Written by Matt King (Peep Show) and Steve Edge (Phoenix Nights), this warm-hearted comedy-drama follows working-class clan the Starlings, led by dad Terry (Coyle) and loving wife Jan (Lesley Sharp).
Digital Spy and a few other reporters caught up with Brendan to chat about his new role, his thoughts on British comedy and breaking away from Downton Abbey...
What appealed to you about Starlings?
"First of all, I found it very very funny. I read episodes one to three and I just felt this great warmth towards these characters. It made me laugh out loud and I just love these characters.

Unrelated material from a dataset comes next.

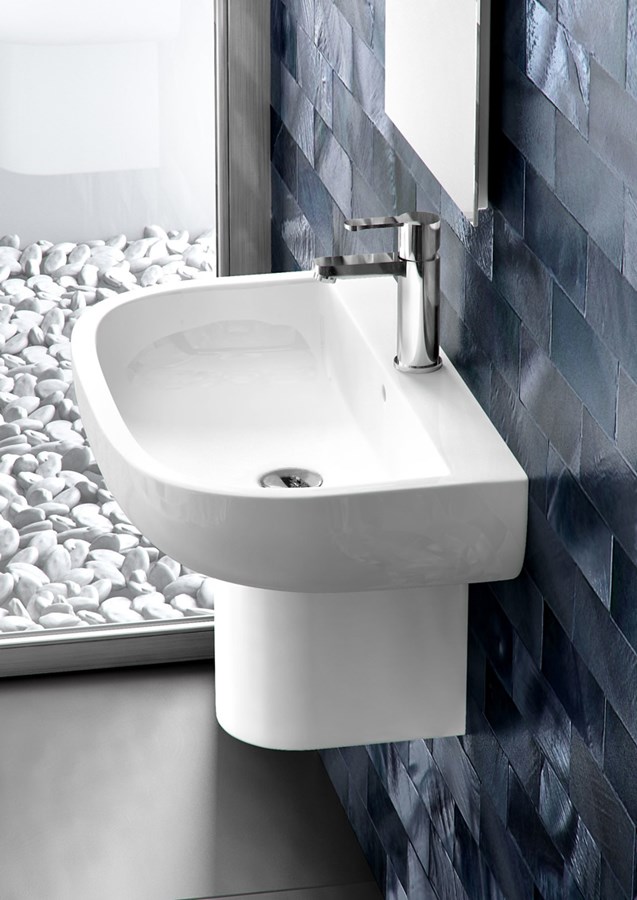 Compact 450 basin and round fronted semi pedestal 450 basin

There's no kind of tension or confrontation for a family thing and I just thought, 'This is really lovely, so I'm going to meet them for this'."
What's it like having Lesley Sharp as your wife?
"It's a dream. I always knew I'd work with Lesley - I always believed our paths would cross but I thought it would be in some Greek drama killing each other, or... some blood and guts thing! Instead it's this, and it's a dream. She's a dream to work with."
Do you see yourself as a dramatic actor or a comedic actor?
"I see myself as an actor and I don't differentiate between those two disciplines at all. I think great humour lies in playing the truth of a situation. I see myself as a performer and that applies to a Greek drama or a modern comedy."
Do you find comedy more difficult than drama?
"Yes, the timing has to come in to play and a certain rhythm. I mean, gags and humour are written in a specific way and it has to be relayed in a certain way.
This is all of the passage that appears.